How about both?
You don’t need to deny or dismiss any other valid supporting point in order to drive your point home. Every unnecessary death is wrong. An increase in unnecessary deaths is wrong. It’s terrible en masse, and each one is completely unforgivable.
Not the rate but the needlessness is the issue.
The rate is the factual evidence that denying women healthcare creates real harm.
A singular case of denied abortion leading to death is enough here.
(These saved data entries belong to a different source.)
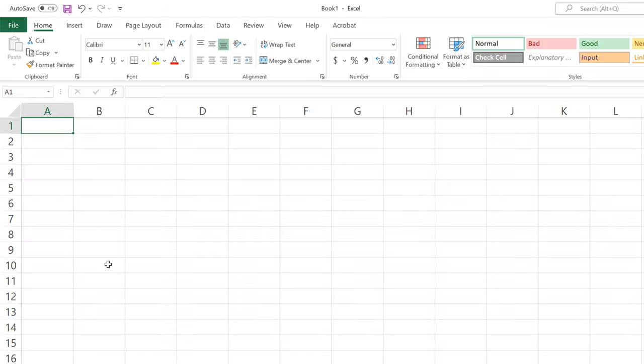As a first step, I will create a simple Excel file for the numeric data for y equal to x squared. It can be any numeric data, but I chose it for the simple example.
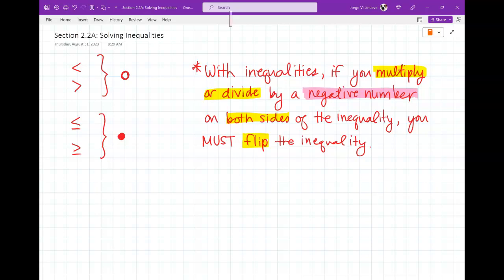Just to give you a quick look before we get into examples — this rule is actually the answer to question number one in your homework, which asks: when do you switch the direction of the sign when solving an inequality? The answer is: when you multiply or divide both sides by a negative number.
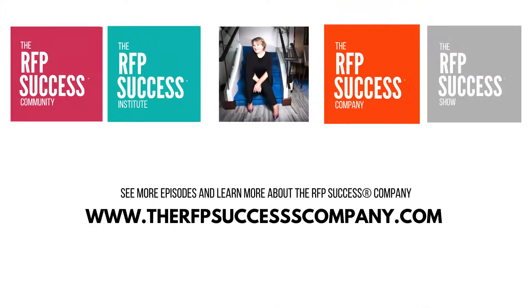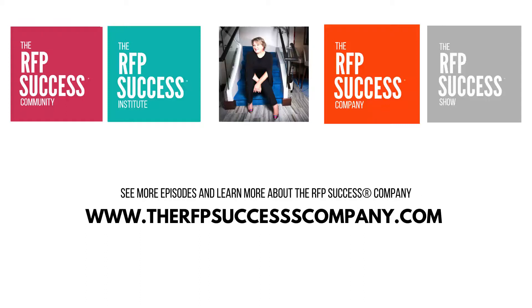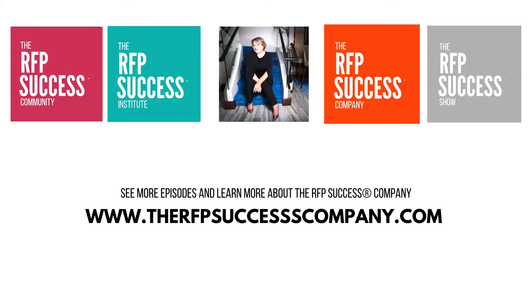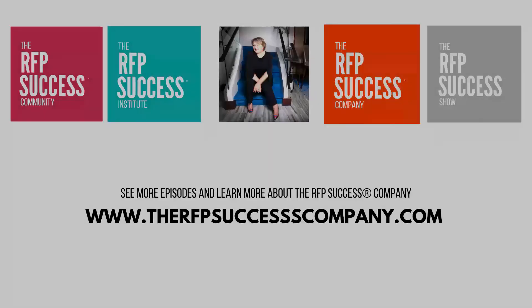This has been another episode of the RFP Success Show with Lisa Rehurik, eight-time author, speaker, and CEO of the RFP Success Company. Thank you for joining us. If you have feedback on today's episode, email us at podcast at rfpsuccess.com. No matter your business size, industry, if you have an in-house RFP team or need outside support, the RFP Success Company helps increase RFP win ratios by 10, 20, and even 50%. Learn more at the rfpsuccesscompany.com.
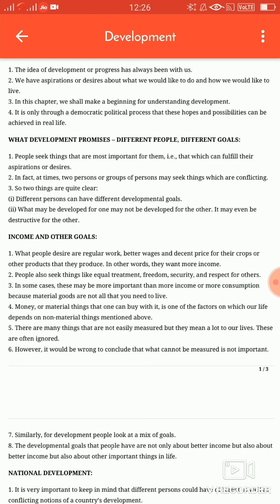Uske baad hum baat karte hain industrialist — yaani jo udyogpati hote hain, unka kya destination hota hai development ka: pehla hai better infrastructure, wo bhi badhiya infrastructure chahte hain; second hai low taxes, yaani wo kam se kam tax dena chahte hain; uske baad hai cheap labor, yaani saste daam mein unko majdoor chahiye.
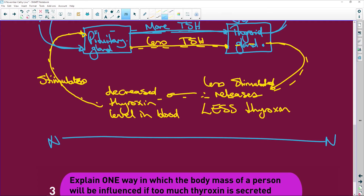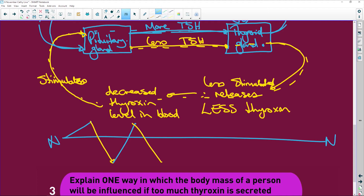So if it goes up, the pituitary makes it come down — less thyroid stimulating hormone. When it's low it goes up, and when it's up it goes down — more, less, more, less — and we end up with homeostasis. If you learn this, you can explain any question on the relationship between the pituitary, thyroid stimulating hormone, the thyroid, and thyroxine.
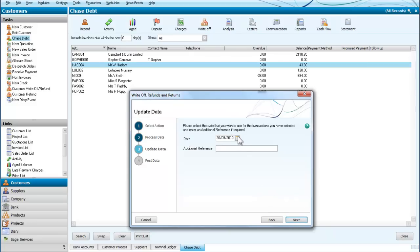And so we select the date we're going to write them off. We're going to write off today, and we are going to write 'write off bad debt'—this is our reference.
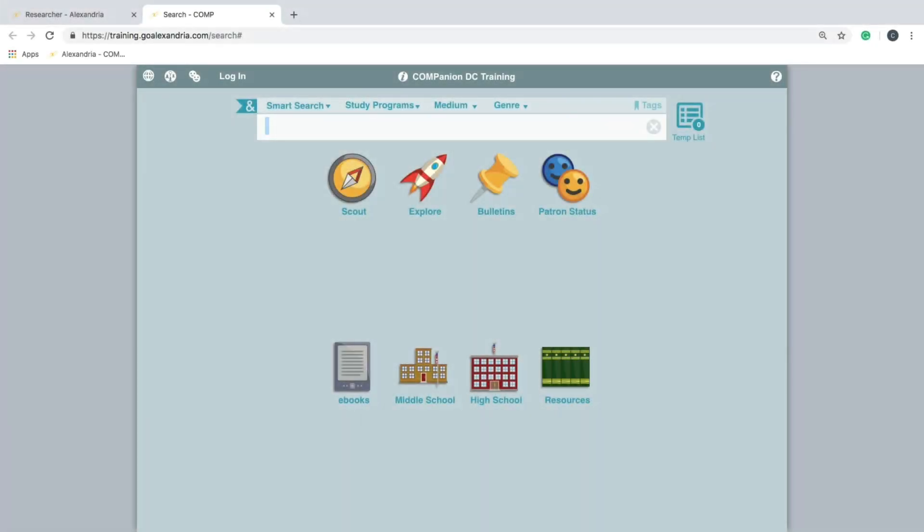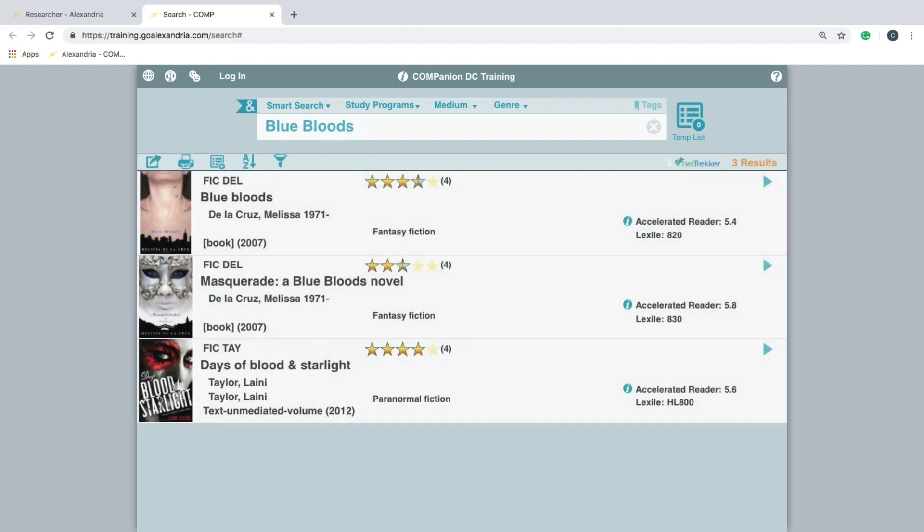Performing a search can be as simple or complex as you would like. For a basic search, leave the default selectors in place and begin typing within the search bar at the top of the window. Alexandria will display the most relevant search results once you stop typing or press return.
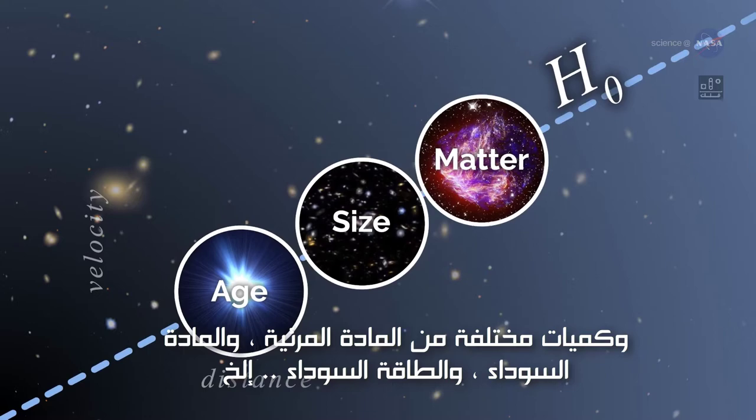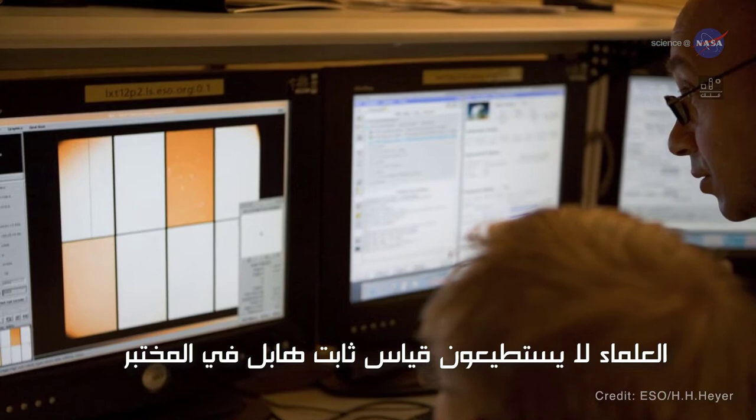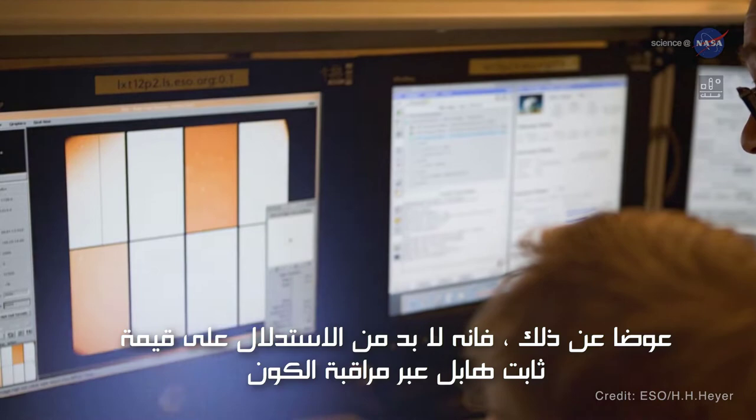Unlike the speed of light, however, scientists can't measure H0 in the laboratory. Instead, H0 has to be inferred from observations of the universe.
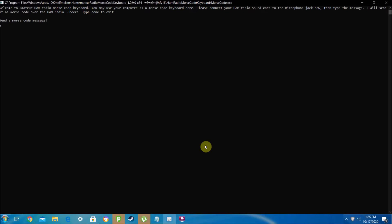Then use this app to send the translated Morse code message as Morse code out over your ham radio. So what you want to do is if you are sending it over a ham radio, plug your sound card into the headphone jack now.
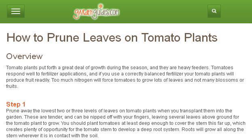Our top-ranked site to learn about how to trim weeds, leaves and plants is www.gardenguides.com — specifically the page titled 'How to Prune Leaves on Tomato Plants' on Garden Guides. This is the link.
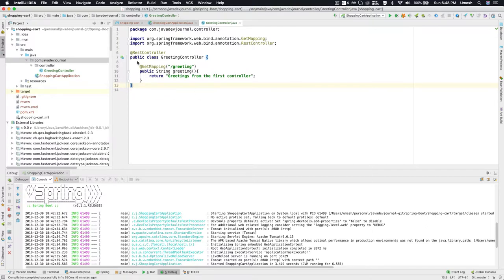This was our example from the previous lesson. We are going to keep building our shopping cart application. In this lesson, let's build a new controller that returns a complex object. Since we are working on a shopping cart application, our controller is going to return a product or a list of products. We are going to do two things: create a new controller and also create a Product object or Product bean to represent the product itself.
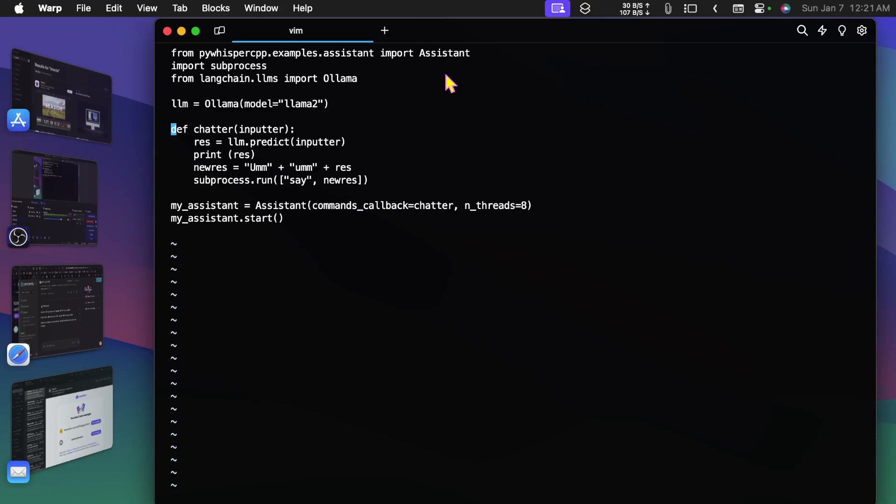What this does is it takes some input, that's the name of the variable inputter, and then it produces a result by sending inputter to llm.predict. And of course, llm was set up here to Llama 2 through Ollama.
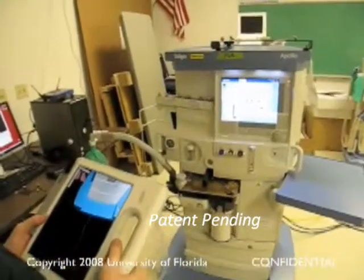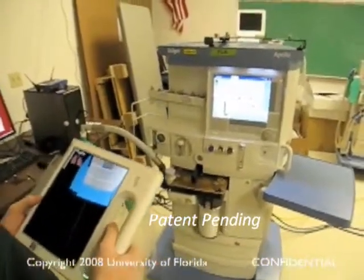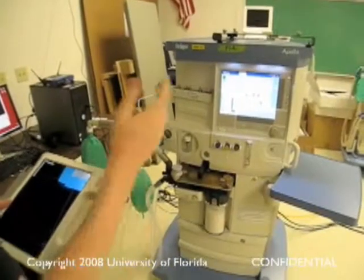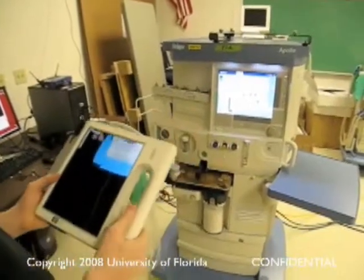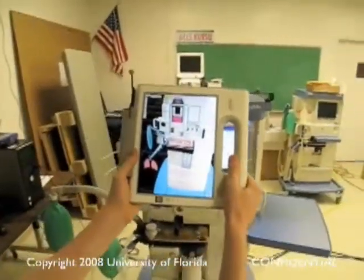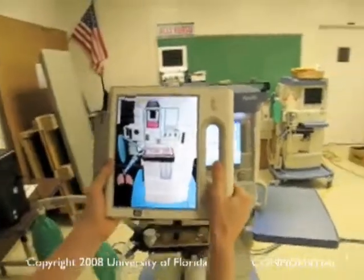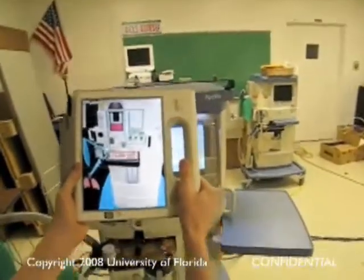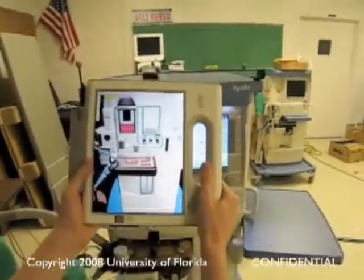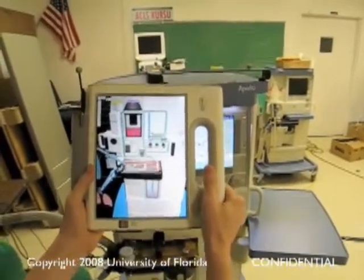This is a demonstration of the augmented Apollo anesthesia machine. You can see the machine here, and if you look through the lens, you can see our abstract simulation visualization of it.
It is not about the statistic threat but the unnecessary death.
That may be so, but the numbers are where you point to show how deficient the US healthcare system is towards pregnancy and mothers.
You seem to be under the impression that the average American understands numbers.
That’s not what the numbers show though. You need more numbers and context to do anything rigorous.
https://www.bmj.com/content/385/bmj.q1276
https://hsph.harvard.edu/news/stillbirths-in-the-u-s-higher-than-previously-reported-often-occur-with-no-clinical-risk-factors/
What I meant is that their quoted numbers alone are insufficient.
How about both? You don’t need to deny or dismiss any other valid supporting point in order to drive your point home. Every unnecessary death is wrong. An increase in unnecessary deaths is wrong. It’s terrible en masse, and each one is completely unforgivable.